What to do -> In the data below, find the line containing "Квартира-студия, 30 м², 1 кровать"; transcribe it and each line after it exactly, through the last, skipping pictures.
Segment Start: Given information
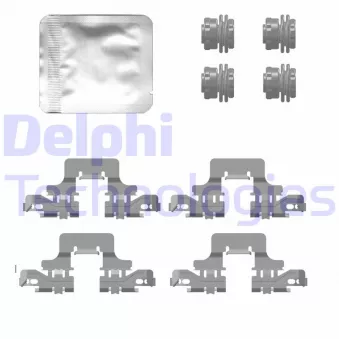 Kit d'accessoires, plaquette de frein à disque DELPHI LX0776
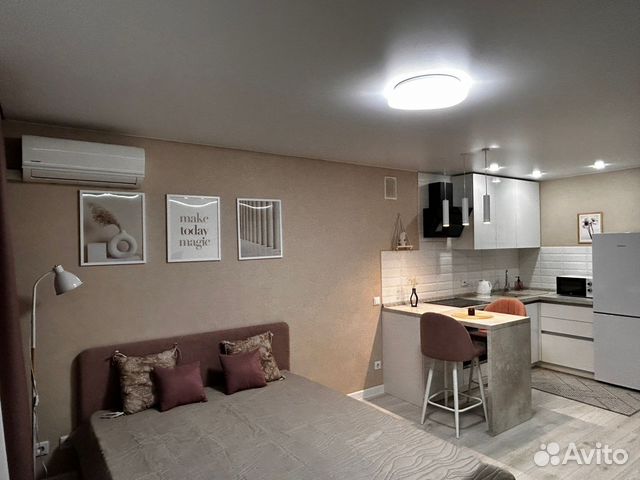 

Квартира-студия, 30 м², 1 кровать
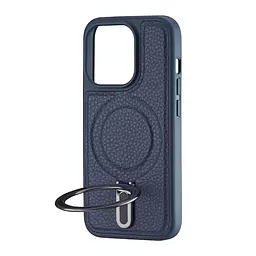 Чохол Jinduka Leather Ringo iPhone 15 Pro Blue - мініатюра 4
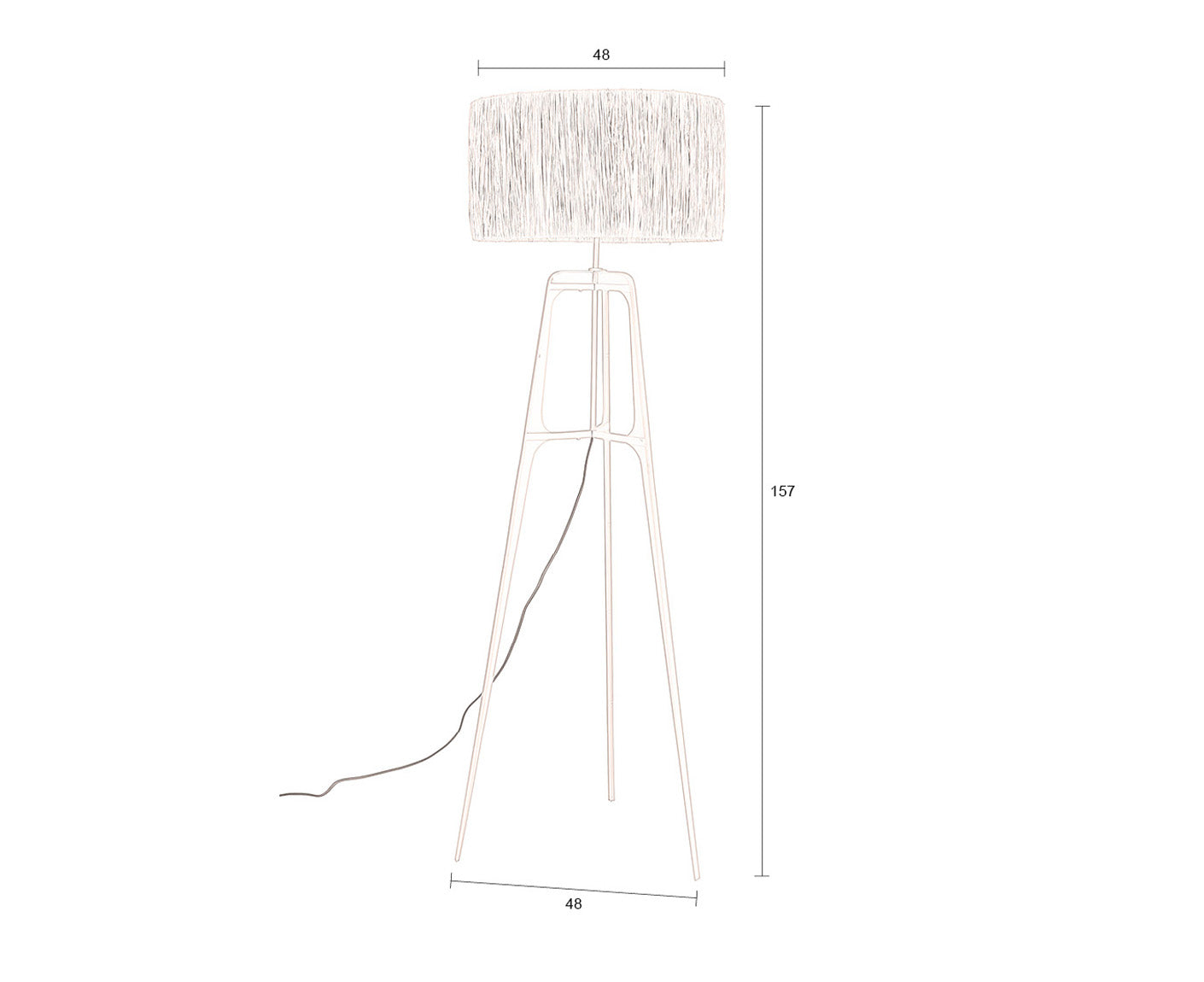 Afra Stehlampe Raffia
Segment End: Given information
Answer for the task ->
Квартира-студия, 30 м², 1 кровать
 Чохол Jinduka Leather Ringo iPhone 15 Pro Blue - мініатюра 4
 Afra Stehlampe Raffia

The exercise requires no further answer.